# Instructions for the task:
A faithful copy of all the data is required; pictures should not be included.

..........

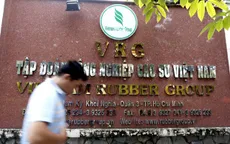 Trước 1/1/2018, Bộ Công an phải báo cáo Thủ tướng về sai phạm của Tập đoàn Cao su (VRG)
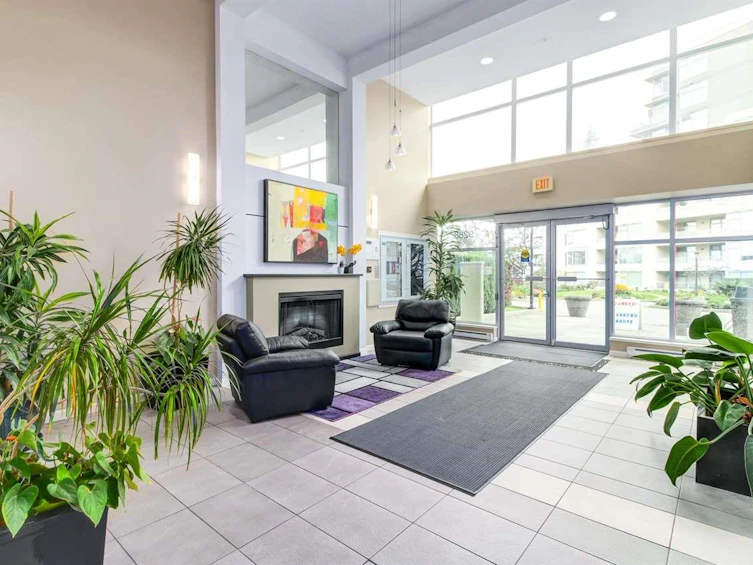302-9288 University Crescent, Burnaby, BC, V5A 4X7 - 18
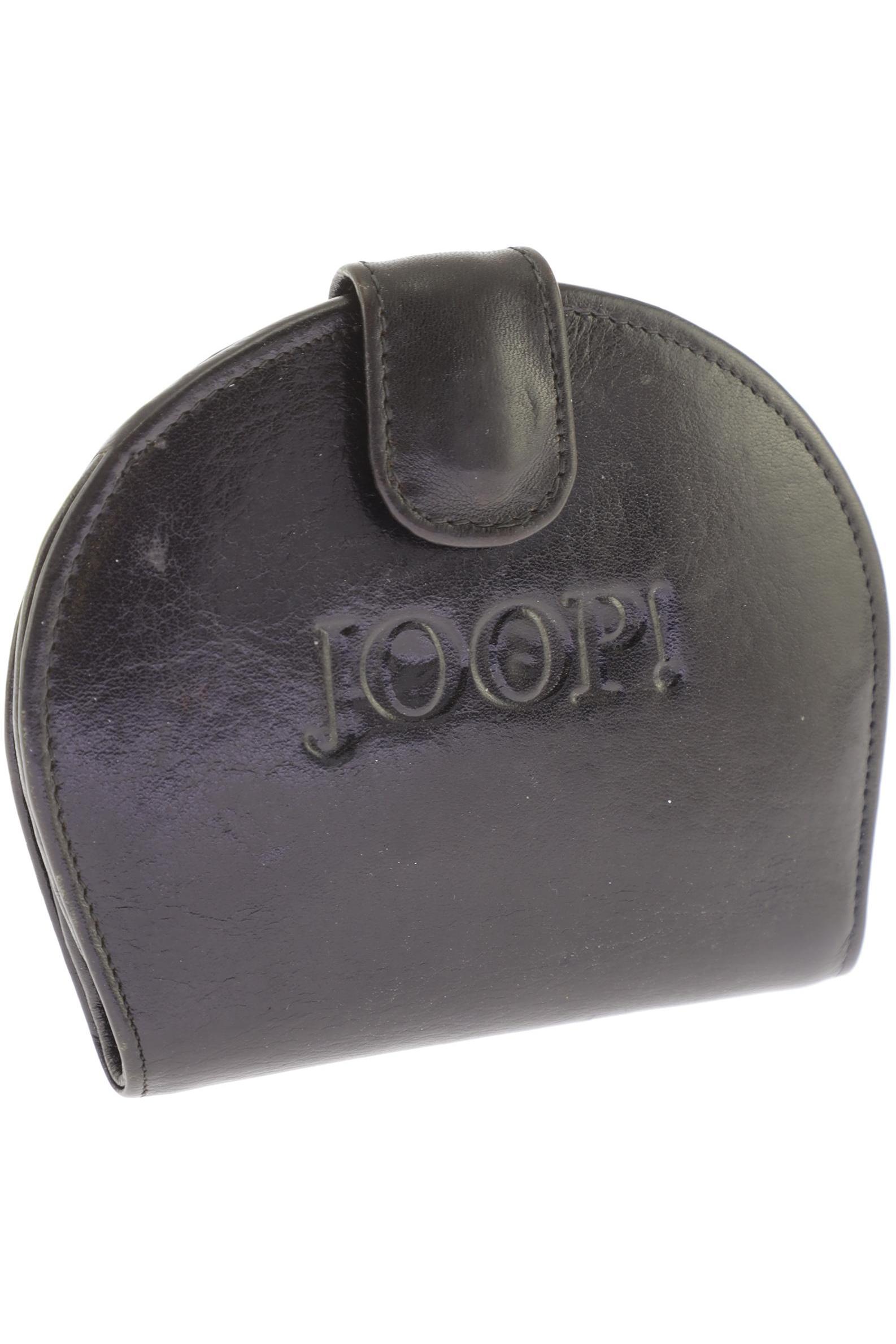 

Joop! Damen Portemonnaie, schwarz, Gr.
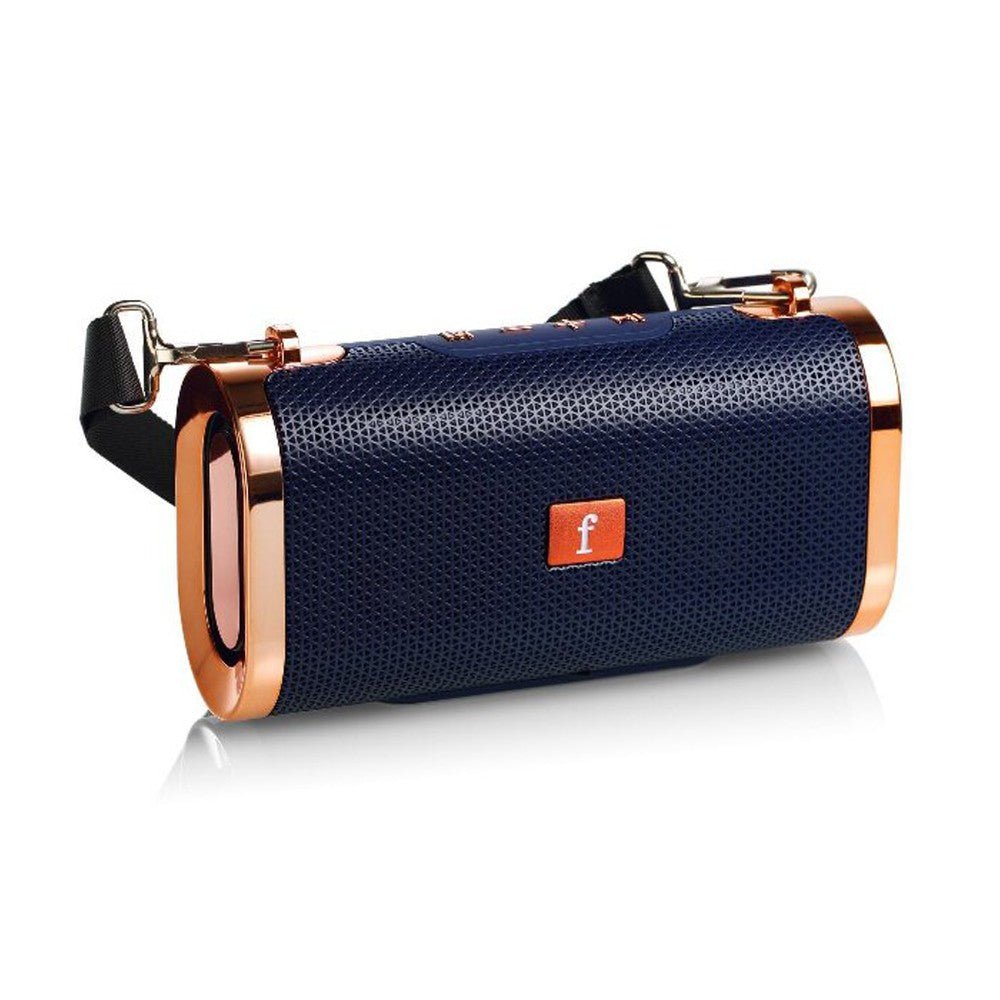 Compact Wireless Bluetooth Speaker - Zambeel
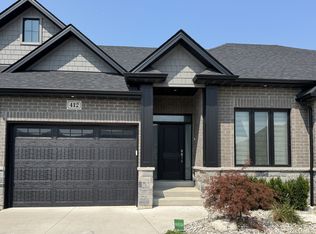 412 Matese St, Lakeshore, ON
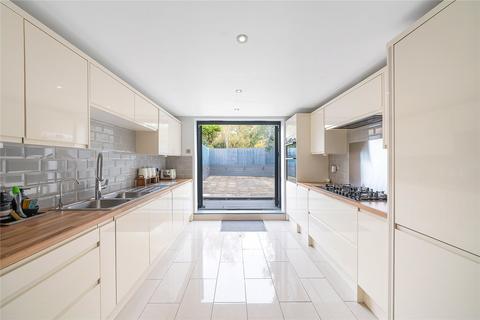 undefined, Rattray Road, Brixton, London, SW2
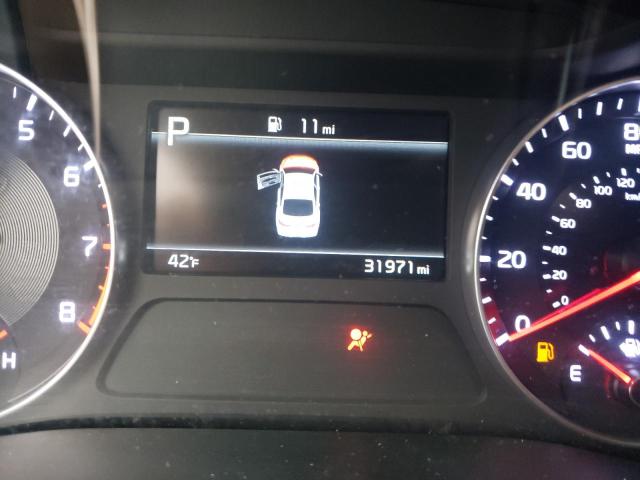 2022 KIA FORTE GT 3KPF44AC2NE429959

..........

# Problem solution:
 Trước 1/1/2018, Bộ Công an phải báo cáo Thủ tướng về sai phạm của Tập đoàn Cao su (VRG)
302-9288 University Crescent, Burnaby, BC, V5A 4X7 - 18

Joop! Damen Portemonnaie, schwarz, Gr.
 Compact Wireless Bluetooth Speaker - Zambeel
 412 Matese St, Lakeshore, ON
 undefined, Rattray Road, Brixton, London, SW2
 2022 KIA FORTE GT 3KPF44AC2NE429959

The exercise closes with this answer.